Marie-Michèle Dugas réitère que les gestionnaires doivent « favoriser le dialogue, encourager les employé.e.s à aborder le conflit et à tenir des discussions difficiles en montrant l’exemple ».
Une approche en médiation pour trouver des solutions
Lorsqu’un conflit devient ouvert, que des gens se sentent blessés et commencent à chercher des allié.e.s, Jean Poitras est d’avis que la médiation informelle peut s’avérer utile.
Le.la gestionnaire rencontre les personnes individuellement afin de comprendre leurs perspectives et leurs besoins et tente de favoriser un dialogue qui serait impossible autrement.
L’expert en gestion de conflits précise qu’un.e gestionnaire se sentant moins outillé.e pour effectuer cette démarche auprès des salarié.e.s pourrait recourir à l’aide des ressources humaines ou d’un.e conseiller.ère syndical.e afin de faire une co-médiation.
« Ainsi, le ou la gestionnaire peut s’impliquer auprès de ses employé.e.s, participer à la solution et gagner beaucoup en crédibilité auprès de la main-d'œuvre », soutient-il.
« Dans le cas où le conflit est devenu chronique, c’est-à-dire qu’il est rendu dans tout le département et que l’équipe de travail a modifié ses comportements pour l’accommoder, la situation peut devenir plus compliquée à gérer pour le.la gestionnaire », soutient-il.
Dans ce cas, Jean Poitras est d’avis que le recours à une aide extérieure ou aux ressources humaines est nécessaire.
Intervenir ou pas lors d’un conflit ?
S’il est parfois nécessaire d’intervenir dans un conflit entre deux salarié.e.s, l’expert souligne qu’il est impossible de gérer la totalité des différends qui peuvent survenir.
Voilà pourquoi il suggère « d’impliquer les salarié.e.s dans le processus de résolution du conflit afin qu’ils et elles puissent gérer la situation la prochaine fois ».
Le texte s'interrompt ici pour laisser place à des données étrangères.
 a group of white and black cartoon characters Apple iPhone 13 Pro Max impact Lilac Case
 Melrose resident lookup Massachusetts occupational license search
Selon Marie-Michèle Dugas, un investissement moins marqué de l’employeur dans la gestion du conflit est possible lorsque « l’équipe est avancée dans son développement, que les gens sont outillés et sensibilisés sur l’importance de gérer des conflits ou que l’équipe est autonome ».
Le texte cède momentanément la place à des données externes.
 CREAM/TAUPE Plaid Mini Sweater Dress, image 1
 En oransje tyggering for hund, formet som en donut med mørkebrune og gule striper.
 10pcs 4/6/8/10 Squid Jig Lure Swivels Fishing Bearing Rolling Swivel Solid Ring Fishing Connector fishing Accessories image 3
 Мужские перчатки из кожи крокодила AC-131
Cependant, si les personnes concernées sont moins habituées de gérer des conflits, semblent fatiguées ou qu’une de celles-ci est nouvelle dans l’équipe et connaît moins la culture de l’entreprise, une intervention de l’employeur est souhaitable, selon elle.
La clé d’une gestion de conflit efficace ? La responsabilisation des employé.e.s dans la quête d’une solution. « L’idéal, c’est d’encourager les gens à se responsabiliser. De cette façon, ils peuvent résoudre la situation par eux-mêmes. Toutefois, si la situation dégénère, l’employeur doit intervenir. »
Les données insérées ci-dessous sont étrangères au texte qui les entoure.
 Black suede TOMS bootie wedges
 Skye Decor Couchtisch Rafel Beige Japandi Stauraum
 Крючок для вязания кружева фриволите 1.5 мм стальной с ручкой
« L’employeur a des obligations légales en matière de climat de travail et de prévention du harcèlement. Donc, s’il y a un conflit, il doit s’assurer que les gens soient outillés pour pouvoir l’adresser adéquatement afin que la situation n’escalade pas vers la violence. »
- Marie-Michèle Dugas, médiatrice agréée et fondatrice de Fika RH
Pour aller plus loin
Quand le conflit mène au harcèlement en milieu de travail
« Lorsqu’on remarque que l’objet du conflit n’est plus une tâche, un irritant lié à l’horaire ou des rôles dont les responsabilités s’entrecoupent, mais plutôt sur l’autre, ses aptitudes, ses connaissances, son origine ou ses valeurs, le conflit peut donner lieu à du harcèlement », met en garde Mme Dugas.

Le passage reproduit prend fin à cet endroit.